He Left His Cat With Mom, Allegedly Plowed Into Crowd

What we know about James Alex Fields Jr.
By Kate Seamons,  Newser Staff
Posted Aug 13, 2017 2:27 PM CDT
Driver Accused of Plowing Into Crowd 'Infatuated' With Nazis
In this Saturday, Aug. 12, 2017 photo, James Alex Fields Jr., second from left, holds a black shield in Charlottesville, Va., where a white supremacist rally took place.    (Alan Goffinski AP)

James Alex Fields Jr. has been charged with second-degree murder among other crimes after allegedly plowing his silver Dodge Challenger into a crowd of counter-protesters in Charlottesville, Virginia, Saturday, and killing 32-year-old Heather Heyer in the process. What we know about Fields:

  • The 20-year-old from Maumee, Ohio, was photographed earlier Saturday with Vanguard America, a white supremacist, neo-Nazi group that the Guardian reports dresses in white polo shirts and khakis. The New York Times reports Vanguard America denied Fields is in any way a member and tweeted that wearing a white shirt does "not denote membership ... The shirts were freely handed out to anyone in attendance."
  • Fields' mother, Samantha Bloom, spoke to the AP Saturday night and said that she was aware her son was headed to Virginia for a rally, but didn't know it was a white supremacist rally. "I thought it had something to do with Trump. Trump's not a white supremacist." She continued, "He had an African-American friend so..." then trailed off.

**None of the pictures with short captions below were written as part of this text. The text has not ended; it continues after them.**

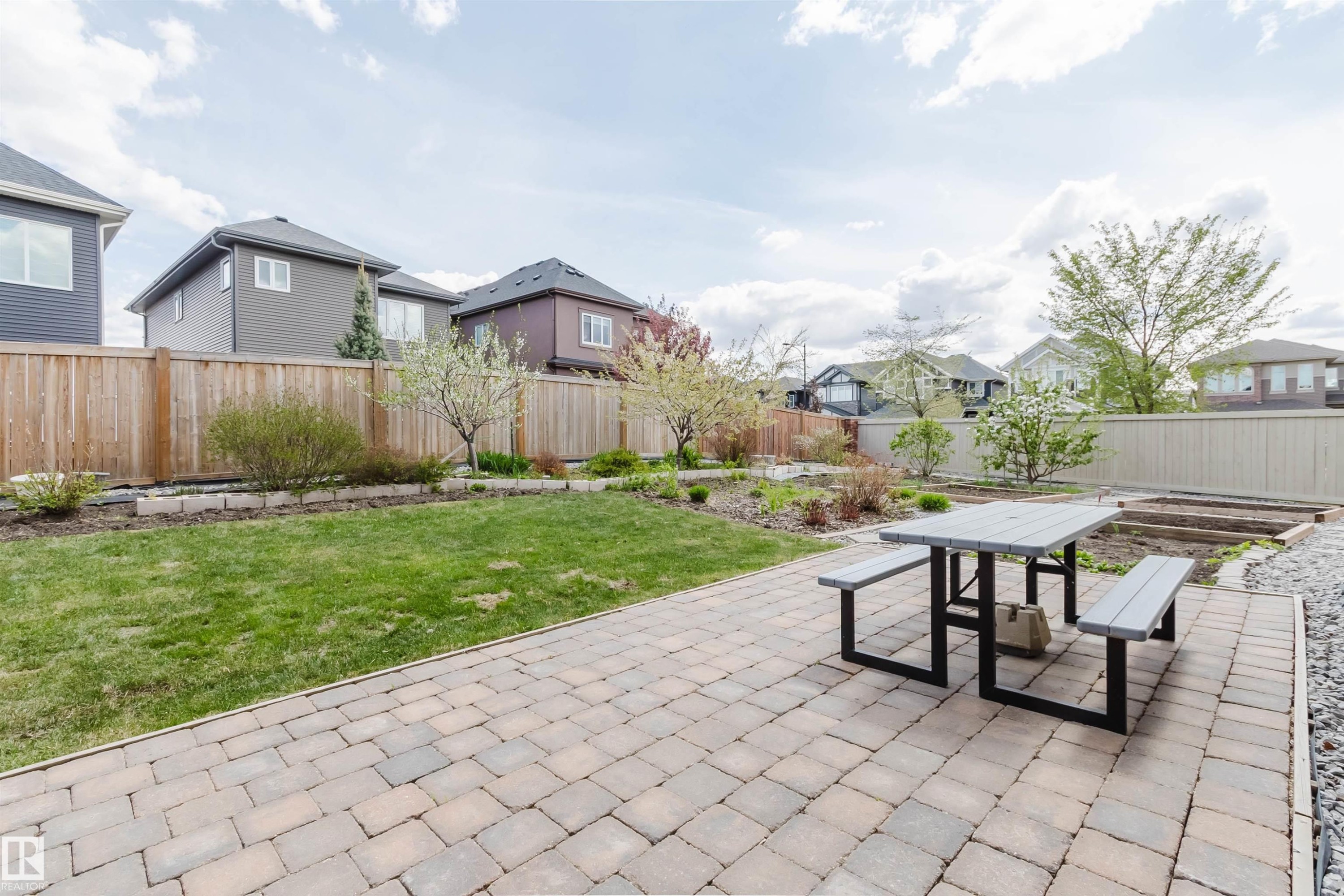Expansive backyard featuring a paver patio, manicured lawn, and raised garden beds - 3571 Keswick Boulevard, Edmonton, AB - Outdoor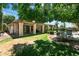 Large grassy backyard with covered patio, desert landscaping, and a pool for fun and relaxing at 5758 E Fox St, Mesa, AZ 85205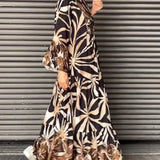 Floral print long sleeve button-front maxi dress in a casual chic style, featuring a camouflage-inspired design with a defined waist and elegant neckline, suitable for various occasions.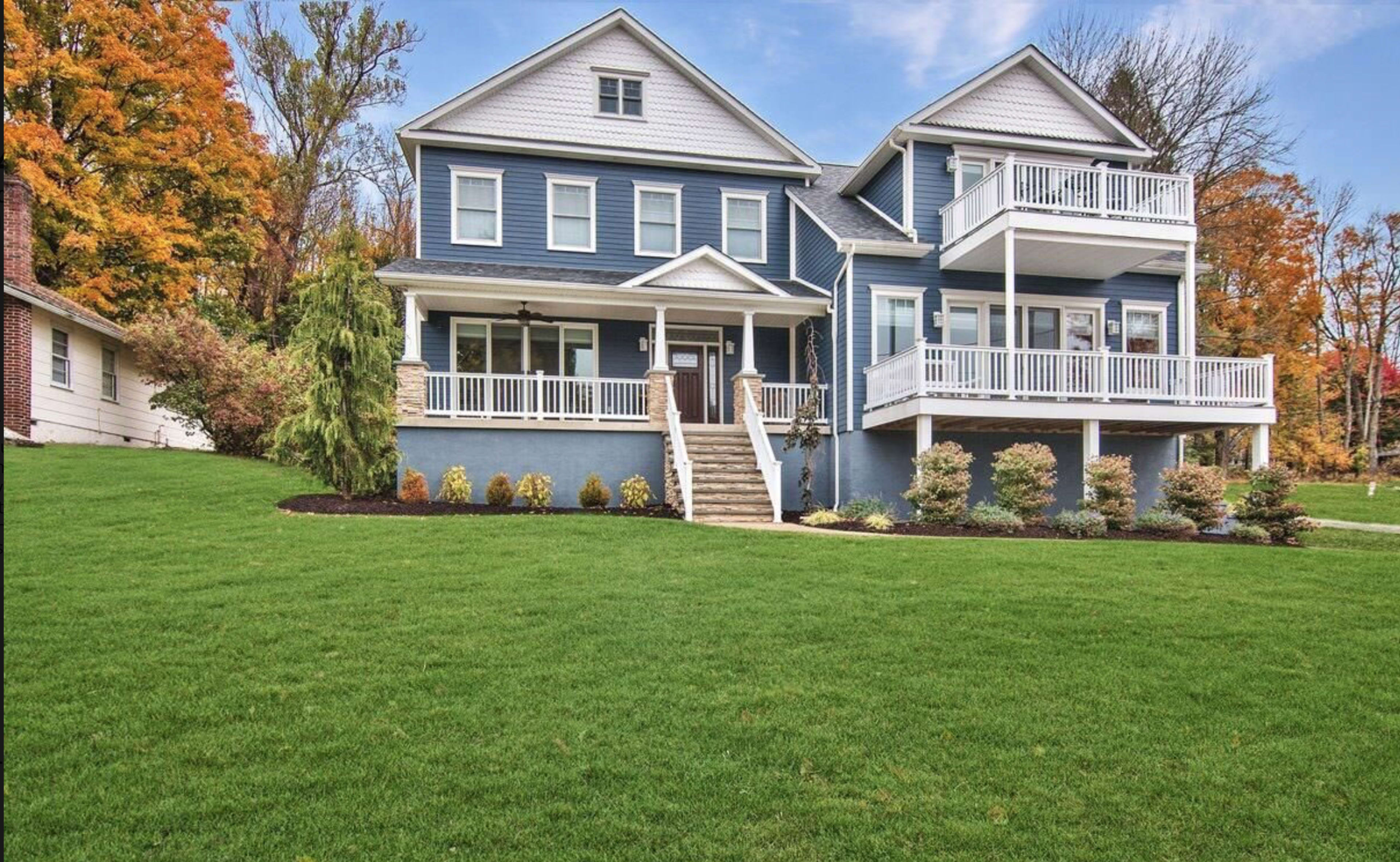 A two-story blue house with white trim and multiple balconies, surrounded by a well-maintained lawn and landscaped shrubs.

  • Fields and his mother had recently moved to Ohio from northern Kentucky, and one of his former teachers there recalls his experience with Fields to WPCO. Randall K. Cooper High School history teacher Derek Weimer says Fields "was very infatuated with the Nazis, with Adolf Hitler. He also had a huge military history, especially with German military history and World War II."
  • Bloom told the Toledo Blade her son moved into his own place in Maumee "five or six months ago" but texted her Friday to say he had left his cat at her apartment before heading to Virginia. One of Bloom's neighbors said she hadn't seen Fields' car recently, and says when she previously did see him he often had polka music blaring from the car.
  • The Times cites military records that show Fields enrolled in the Army on Aug. 18, 2015, but "his period of active duty concluded" just shy of four months later; it reports the reason why is unclear.